Normally water will boil at 212°F (100°C) at sea level Atmospheric pressure at 1,01325 bar, i.e. normal atmospheric pressure on the sea level at 0°C --'in an open system'. At this temperature liquid water turns to gas. Applying more heat to an open pot of water will only increase the rate that liquid water turns to vapor but will not increase the temperature of the liquid.
Leading Question
Ask the students which will cook faster, the rice in the small container at full heat, or the larger container (the pressure cooker) with half the heat?

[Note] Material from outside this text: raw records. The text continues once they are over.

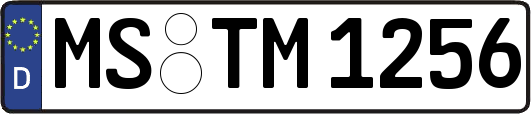 MS-TM1256
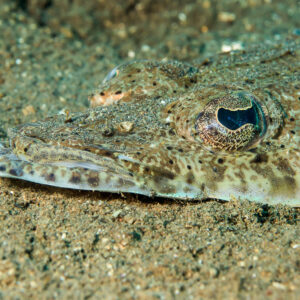 Poisson crocodile des Célèbes posé sur le sable, gros plan de l’œil frangé, Bunaken, Sulawesi du Nord, Indonésie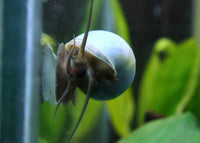 Blue Mystery Snail Juveniles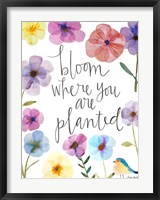 Framed Bloom Where You Are Planted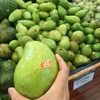 【セブ旅】アヤラモールのスーパーでわくわくお買い物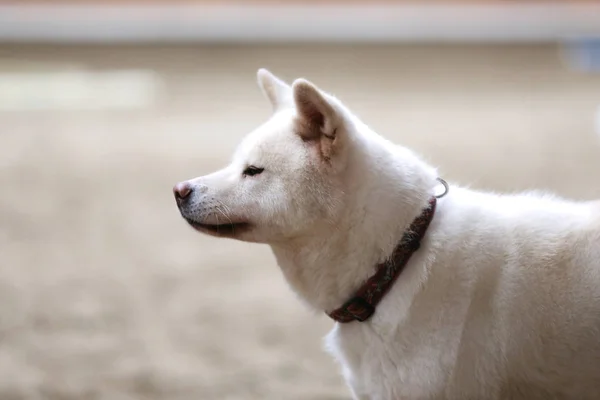 Κινηματογράφηση Πρώτο Πλάνο Νέων Καθαρόαιμους Ιαπωνικά Akita Inu Σκύλου — Φωτογραφία Αρχείου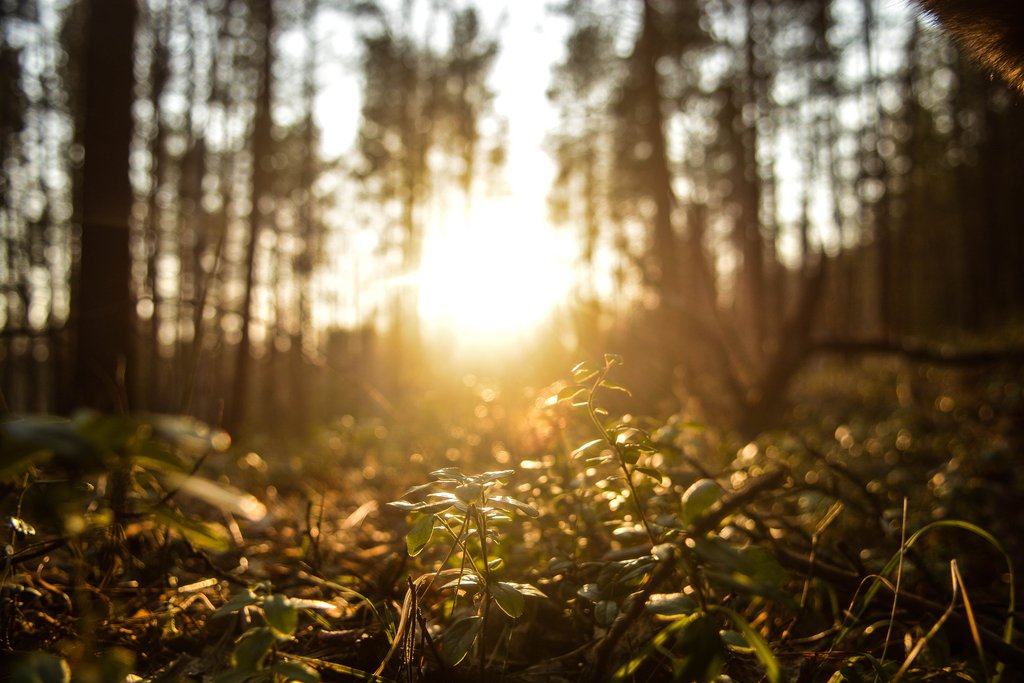Солнце светит в лесу весной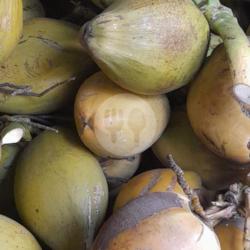 Kelapa Muda Isi Tipis
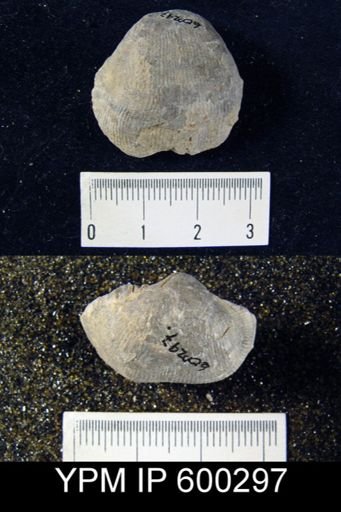 Linoproductus sp.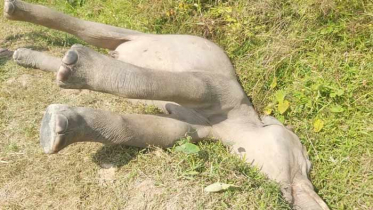 কক্সবাজারে পা পিছলে পড়ে বন্য হাতির মৃত্যু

Sample Investigation and Materials needed
At the beginning of class, start 2 different batches of brown rice, on 2 identical hot plates. Put one batch of the rice in smaller pot with the lid on it, preferably a noisy one. Place the other batch in a larger pressure cooker and make sure it remains relatively silent by turning the heat down when the gauge reads full pressure. After 10 minutes, check both pots. Feed the students from the pots they guessed about.
Principles Illustrated
The Ideal Gas Law, or combined gas law, basically states that Pressure times volume is equal to the number of moles of a gas times the gas constant times temperature. If one was to increase the temperature, then pressure would naturally increase. Since Volume is held at a constant in a semi-sealed pressure cooker, then pressure must rise along with the rising temperature. What is discrepant are the dramatically reduced cooking times. Dry, hard black beans typically need to be cooked for hours to be mushy. With a pressure cooker, 180 minutes can be reduced to less than 30.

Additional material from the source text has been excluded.